That’s the so-called settlement date for the first wave of “tens of millions” of $1,400 payments that the Internal Revenue Service began distributing last week, according to the National Automated Clearing House Association, also known as Nacha.
The IRS has not publicly said exactly how many checks have gone out, but the Independent Community Bankers of America told financial institutions to expect about 90 million direct deposits worth a total of $242 billion on Wednesday, the Washington Post reported.
The IRS has also mailed another 150,000 checks with a payment date of March 19, the trade group reportedly said.
The tax agency hasn’t detailed the timeline for distributing the rest of the checks, but President Biden said Monday that his administration would reach the milestone of delivering 100 million payments “over the next 10 days.”
While the feds trumpeted the start of the so-called economic impact payments on Friday, many Americans wondered why they had to wait several days for the money to arrive.
The answer lies in the machinery of the financial system. The IRS sent the payments through the Automated Clearing House system, an electronic network that’s used to process financial transactions.
Each deposit in the first wave had a settlement date of March 17, meaning that’s when the money would actually move from the IRS’ coffers to banks, which then make it available to their eligible customers, according to Nacha, which manages the ACH system in the US.
To get more specific, Nacha said the payments will be settled at 8:30 a.m.

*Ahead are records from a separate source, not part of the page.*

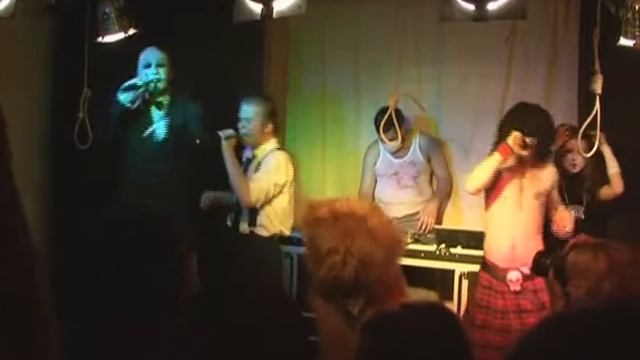 Страна О.З. в "Проходном Дворе" часть 1 (www.strana-oz.com) смотреть онлайн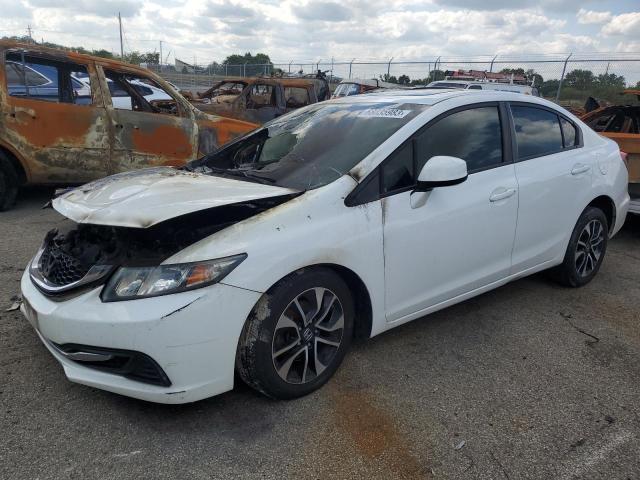 HONDA CIVIC 2013 19xfb2f81de069015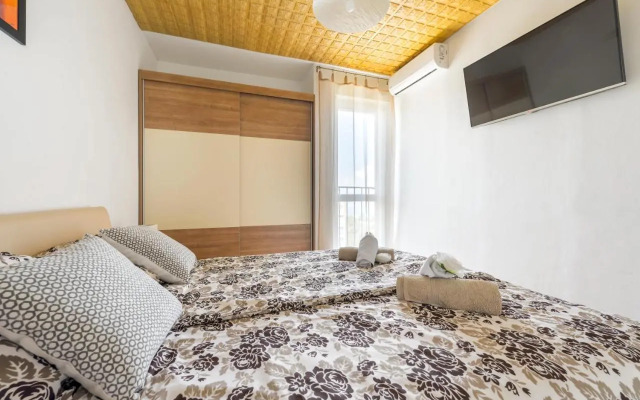Adventure apartment 75m2 close to the center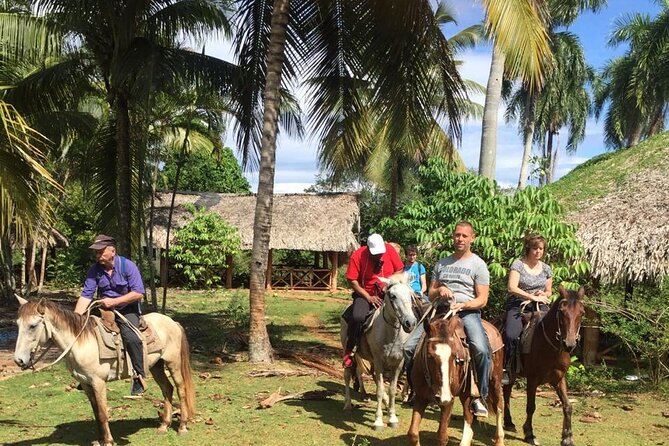 Short Excursion horseback riding tours on the beach and mountain - What You Should Bring (and What to Wear) for Beach-and-Mountain Riding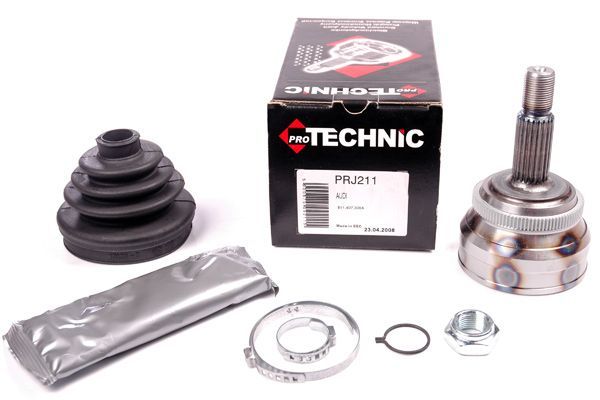 Jungčių komplektas, kardaninis velenas PROTECHNIC PRJ211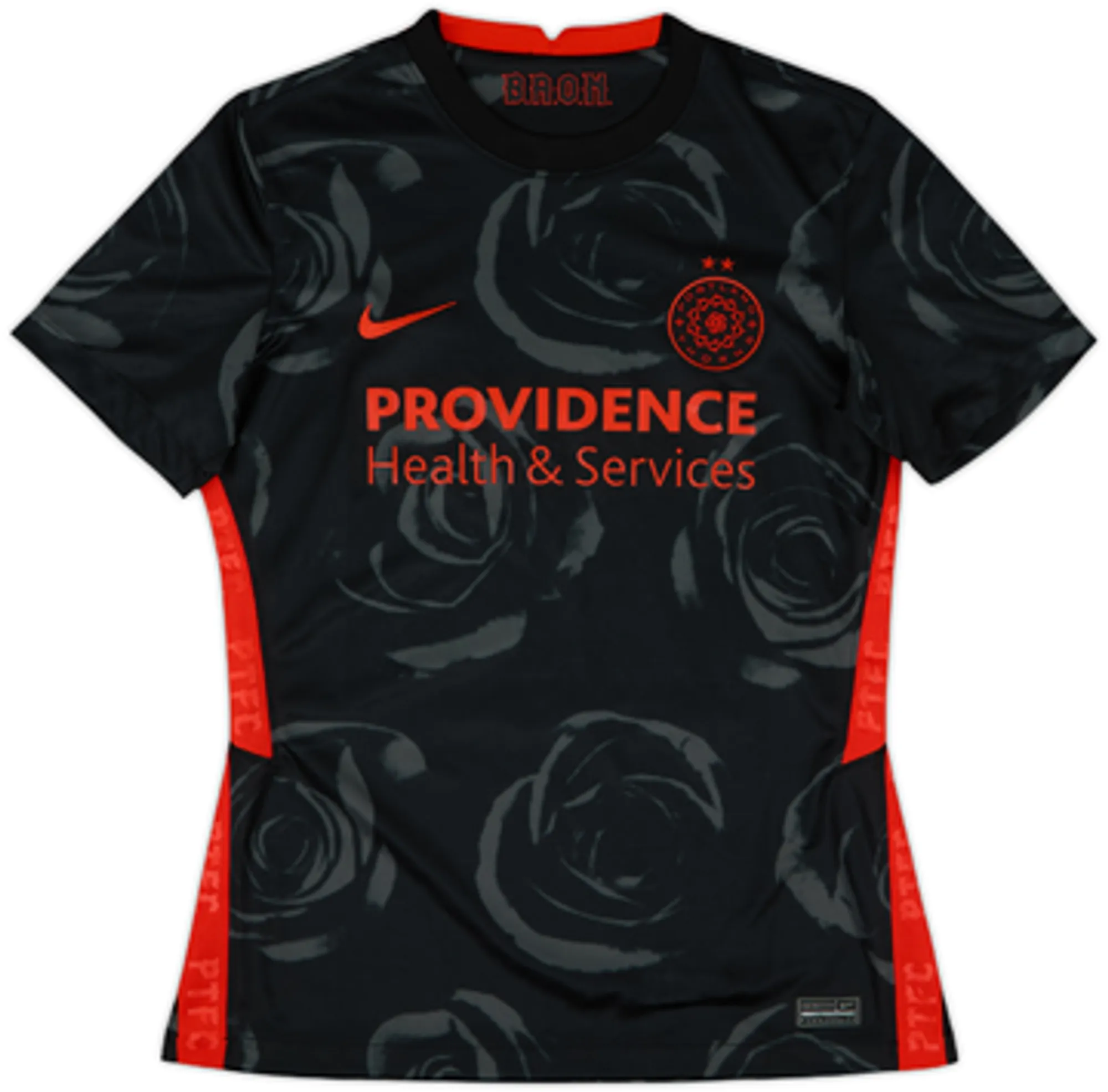 Nike Womens SS Home Shirt 2020/22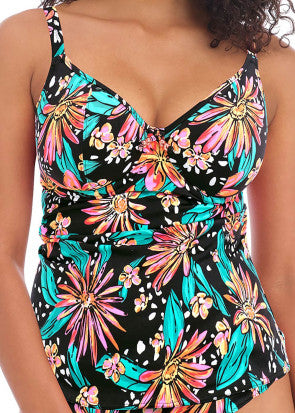 Freya Swim Wild Daisy tankini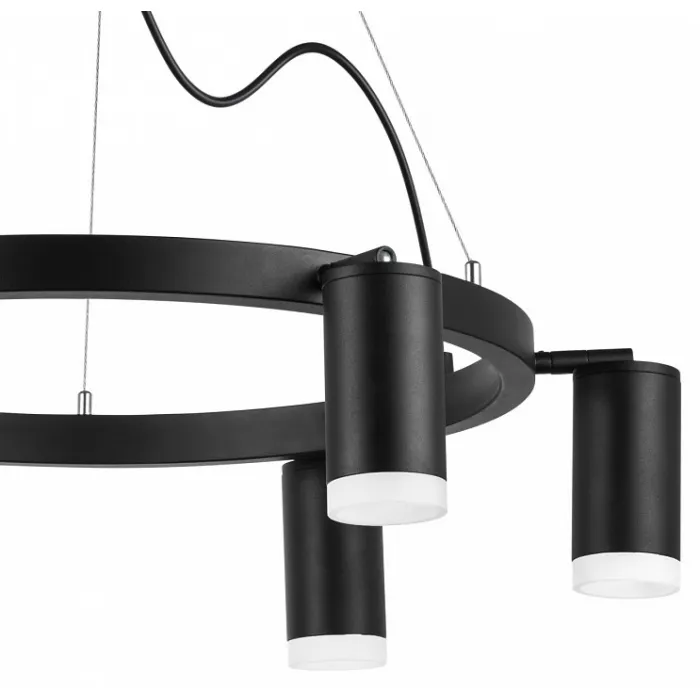 Подвесная люстра Lightstar Rullo LR0163760 от ImperiumLoft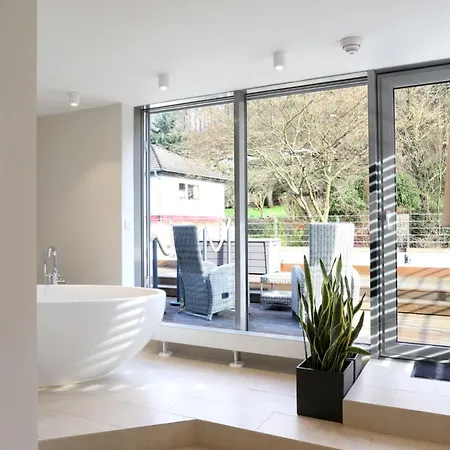 Waldfrieden - Design Trifft Budget Annweiler am Trifels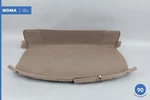 97-03 Jaguar XK8 Xkr X100 Convertible Roof Container Carpet Panel Trim Aek Oem Used. Price: $95.45.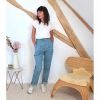 Pantalon Magnette - Cousette Patterns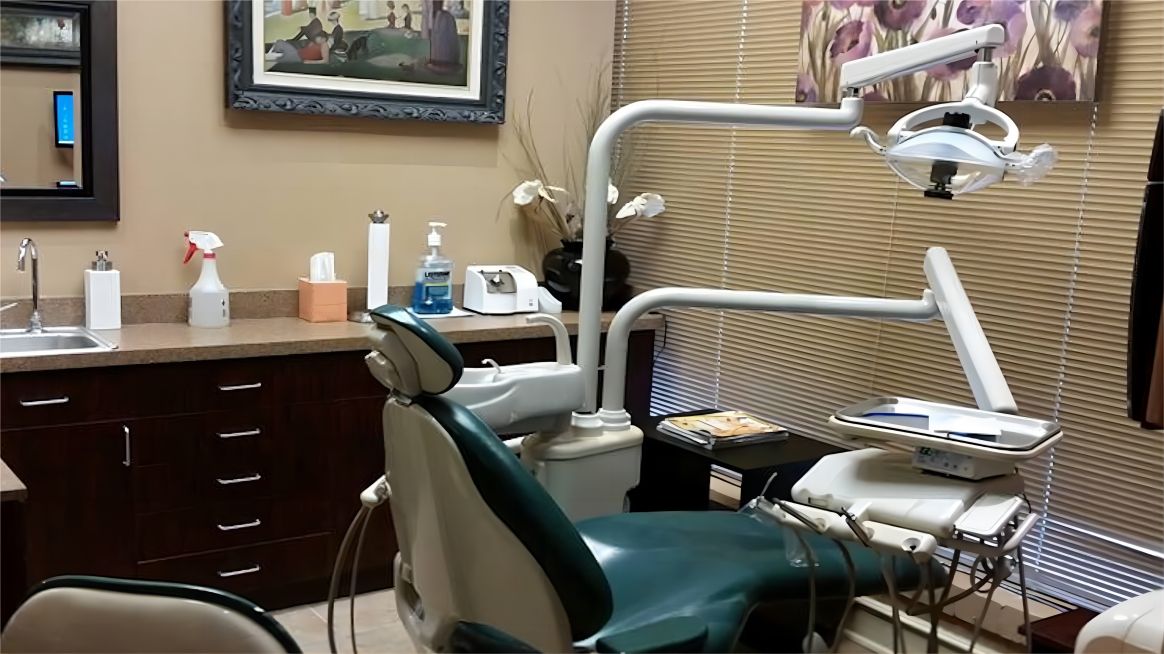 University Dental Center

Eastern time Wednesday, “exactly as instructed by the IRS.”
“This is literally the moment in time when the money will be transferred from the government to banks’ and credit unions’ settlement accounts at the Federal Reserve,” Nacha said in a statement.
Banks and credit unions are then required to make the money available to account holders by 9 a.m. local time, according to the group.
Some financial institutions such as the banking startup Chime made the funds available early. The IRS also said some people would see the money in their accounts as provisional or pending payments before Wednesday.
Megabanks such as JPMorgan Chase and Wells Fargo, however, told customers that the checks wouldn’t be available until Wednesday at the earliest, leading to some online criticism that they were sitting on the money.
But industry groups said banks did not actually have any of the money before the official payment date.
“Until that time, the funds remain with the government,” the American Bankers Association and eight other trade groups said in a statement. “While the IRS could have chosen to send the funds via Same Day ACH or provided for an earlier effective date, it chose not to do so.”